Exercise goal: Look for "Pearl" in each line of the records, and copy the lines that have it.

(Supplied information)

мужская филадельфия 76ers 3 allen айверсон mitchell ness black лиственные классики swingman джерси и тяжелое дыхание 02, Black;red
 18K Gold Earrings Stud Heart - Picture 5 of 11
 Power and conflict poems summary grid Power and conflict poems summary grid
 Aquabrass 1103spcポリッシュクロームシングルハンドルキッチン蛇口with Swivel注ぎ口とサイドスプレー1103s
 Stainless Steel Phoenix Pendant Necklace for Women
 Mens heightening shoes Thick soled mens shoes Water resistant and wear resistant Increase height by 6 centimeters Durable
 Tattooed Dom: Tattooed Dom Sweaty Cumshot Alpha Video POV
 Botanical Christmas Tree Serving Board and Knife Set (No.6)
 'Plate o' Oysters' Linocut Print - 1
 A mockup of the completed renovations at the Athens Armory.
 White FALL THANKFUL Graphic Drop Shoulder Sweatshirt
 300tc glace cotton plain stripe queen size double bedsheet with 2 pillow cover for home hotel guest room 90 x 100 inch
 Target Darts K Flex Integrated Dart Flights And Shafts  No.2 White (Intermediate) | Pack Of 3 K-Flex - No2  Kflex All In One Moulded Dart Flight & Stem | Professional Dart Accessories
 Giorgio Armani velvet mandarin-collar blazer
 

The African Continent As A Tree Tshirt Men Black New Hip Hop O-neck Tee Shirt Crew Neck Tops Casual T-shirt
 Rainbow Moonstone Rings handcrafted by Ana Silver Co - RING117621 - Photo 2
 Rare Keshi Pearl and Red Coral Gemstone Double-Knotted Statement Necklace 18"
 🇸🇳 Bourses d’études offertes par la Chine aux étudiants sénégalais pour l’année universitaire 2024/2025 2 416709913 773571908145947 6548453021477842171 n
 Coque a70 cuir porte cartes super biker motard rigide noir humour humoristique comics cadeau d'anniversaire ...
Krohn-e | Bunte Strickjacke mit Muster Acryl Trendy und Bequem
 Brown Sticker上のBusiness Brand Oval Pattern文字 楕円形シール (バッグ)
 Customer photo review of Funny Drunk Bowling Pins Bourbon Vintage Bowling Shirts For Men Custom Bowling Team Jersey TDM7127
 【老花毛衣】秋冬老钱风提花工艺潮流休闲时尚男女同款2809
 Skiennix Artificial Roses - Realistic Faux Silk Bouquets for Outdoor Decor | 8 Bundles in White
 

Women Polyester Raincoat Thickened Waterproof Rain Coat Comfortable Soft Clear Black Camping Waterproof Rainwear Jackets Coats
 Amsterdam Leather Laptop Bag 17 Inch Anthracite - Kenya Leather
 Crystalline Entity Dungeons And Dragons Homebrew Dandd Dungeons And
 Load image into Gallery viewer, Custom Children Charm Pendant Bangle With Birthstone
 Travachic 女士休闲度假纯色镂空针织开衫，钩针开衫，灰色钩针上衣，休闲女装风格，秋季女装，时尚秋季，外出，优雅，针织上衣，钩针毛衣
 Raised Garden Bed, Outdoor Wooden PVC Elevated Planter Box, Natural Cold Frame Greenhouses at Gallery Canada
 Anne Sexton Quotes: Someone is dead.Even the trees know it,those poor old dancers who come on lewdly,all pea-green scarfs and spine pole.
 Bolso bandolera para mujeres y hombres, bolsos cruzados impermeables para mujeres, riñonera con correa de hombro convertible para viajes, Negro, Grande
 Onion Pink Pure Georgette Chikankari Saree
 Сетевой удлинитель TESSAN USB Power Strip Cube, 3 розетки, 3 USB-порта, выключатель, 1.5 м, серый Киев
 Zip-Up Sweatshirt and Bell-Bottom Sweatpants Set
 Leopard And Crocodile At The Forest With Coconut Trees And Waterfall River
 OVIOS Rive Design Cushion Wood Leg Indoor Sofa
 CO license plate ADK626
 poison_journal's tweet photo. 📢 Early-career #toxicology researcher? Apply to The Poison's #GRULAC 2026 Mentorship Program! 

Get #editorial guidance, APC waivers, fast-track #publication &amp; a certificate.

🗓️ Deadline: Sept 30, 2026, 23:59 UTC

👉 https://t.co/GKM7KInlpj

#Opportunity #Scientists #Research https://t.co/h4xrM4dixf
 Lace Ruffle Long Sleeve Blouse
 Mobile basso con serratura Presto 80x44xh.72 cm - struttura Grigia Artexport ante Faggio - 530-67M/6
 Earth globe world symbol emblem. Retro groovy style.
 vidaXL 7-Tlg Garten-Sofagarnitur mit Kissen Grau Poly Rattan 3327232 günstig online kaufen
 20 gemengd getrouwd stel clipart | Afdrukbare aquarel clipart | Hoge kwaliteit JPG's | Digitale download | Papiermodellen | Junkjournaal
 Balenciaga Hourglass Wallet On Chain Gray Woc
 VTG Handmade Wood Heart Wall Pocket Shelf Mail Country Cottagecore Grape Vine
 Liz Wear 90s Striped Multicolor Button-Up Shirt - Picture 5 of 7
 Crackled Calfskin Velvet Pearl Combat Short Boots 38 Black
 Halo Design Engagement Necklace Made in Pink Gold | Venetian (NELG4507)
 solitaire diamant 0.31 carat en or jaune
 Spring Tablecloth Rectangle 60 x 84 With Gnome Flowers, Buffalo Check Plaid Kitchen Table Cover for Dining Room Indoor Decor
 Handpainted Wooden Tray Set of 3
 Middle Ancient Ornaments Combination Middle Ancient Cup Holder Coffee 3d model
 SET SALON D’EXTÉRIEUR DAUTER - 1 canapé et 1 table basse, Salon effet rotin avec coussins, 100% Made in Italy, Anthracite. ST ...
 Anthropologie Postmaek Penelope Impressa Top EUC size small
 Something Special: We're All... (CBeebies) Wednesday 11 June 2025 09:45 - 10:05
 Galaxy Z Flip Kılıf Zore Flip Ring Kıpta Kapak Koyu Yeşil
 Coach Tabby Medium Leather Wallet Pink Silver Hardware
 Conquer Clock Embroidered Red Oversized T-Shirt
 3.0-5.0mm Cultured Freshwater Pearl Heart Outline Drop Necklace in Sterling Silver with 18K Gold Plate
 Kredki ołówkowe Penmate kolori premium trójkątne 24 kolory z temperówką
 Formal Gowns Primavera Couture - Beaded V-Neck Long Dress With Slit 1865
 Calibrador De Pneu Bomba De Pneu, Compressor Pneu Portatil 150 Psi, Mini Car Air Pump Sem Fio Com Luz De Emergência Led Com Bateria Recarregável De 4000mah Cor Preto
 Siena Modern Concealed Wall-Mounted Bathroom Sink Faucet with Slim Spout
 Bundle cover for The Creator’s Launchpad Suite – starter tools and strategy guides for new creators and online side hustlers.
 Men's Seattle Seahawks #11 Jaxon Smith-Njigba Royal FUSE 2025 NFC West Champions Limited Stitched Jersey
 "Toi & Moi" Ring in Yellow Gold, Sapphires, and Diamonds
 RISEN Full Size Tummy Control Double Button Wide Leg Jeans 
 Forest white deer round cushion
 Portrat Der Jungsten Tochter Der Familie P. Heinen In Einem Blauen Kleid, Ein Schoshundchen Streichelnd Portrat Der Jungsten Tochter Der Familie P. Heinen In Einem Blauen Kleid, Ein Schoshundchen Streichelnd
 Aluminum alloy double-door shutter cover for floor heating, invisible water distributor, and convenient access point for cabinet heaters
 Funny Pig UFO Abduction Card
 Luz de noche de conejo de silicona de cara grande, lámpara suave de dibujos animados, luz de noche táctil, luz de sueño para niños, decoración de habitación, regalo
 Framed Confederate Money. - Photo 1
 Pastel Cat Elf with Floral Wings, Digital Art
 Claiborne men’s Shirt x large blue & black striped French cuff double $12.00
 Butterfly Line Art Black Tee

(End Supplied information)

Exercise solution:
 Rare Keshi Pearl and Red Coral Gemstone Double-Knotted Statement Necklace 18"
 Crackled Calfskin Velvet Pearl Combat Short Boots 38 Black
 3.0-5.0mm Cultured Freshwater Pearl Heart Outline Drop Necklace in Sterling Silver with 18K Gold Plate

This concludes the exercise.